A literary novel, its payoff is emotional. The story of Leila’s search for her daughter—for whom she endures a Maoist-or ghar
wapasi-style reeducation through drugs, therapy and isolation in ominous Towers—is indeed moving. Akbar’s prose is poetic without pretense. In service of the story, there’s no self-aware bombast to draw attention to the writer at the expense of his characters.
That said, the book is best when at its least futuristic. The world of Purity One is not exotic enough to offer the thrills of genre fiction or the further-removed future of literary scifi like Margaret Atwood’s The Handmaid’s Tale. But in describing Leila’s initial courtship by and marriage to Riz, when full segregation has not yet been implemented, Akbar delivers a sharp portrait of the tensions of class, caste and creed underlying every interaction in today’s India.

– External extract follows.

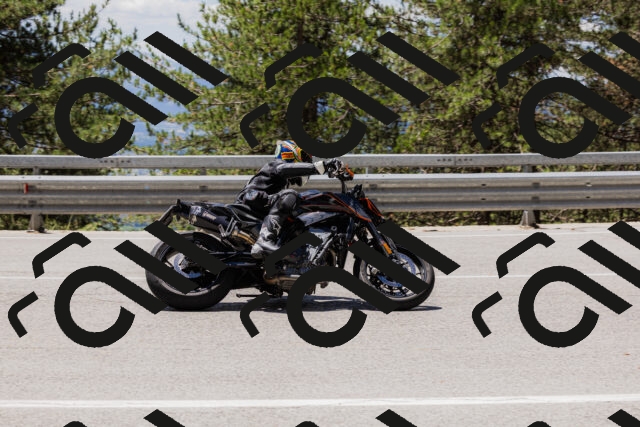 202506281250-_04A5164_c3_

The nightmare he presents is a convincing one—albeit predicated essentially on the expansion to society’s elites the rules that are today the status quo for the masses. At the birthday party where Leila’s daughter disappears, a thug-cum-politician from the Repeaters—a sort of Residents’ Welfare Association crossed with the Bajrang Dal— voices a call that ominously echoes the one sent out over radio waves in Rwanda during the genocide. “Each must protect our walls, our women, our communities,” he shouts. “Go forth and do your work. Once again we will reach the pinnacle of the world.”
Sound familiar? These days everybody in India seems to be talking of restoring its past glory, while in Rwanda in 1994, “do your work” was a euphemism for the hard labour of hacking Tutsis to death with machetes.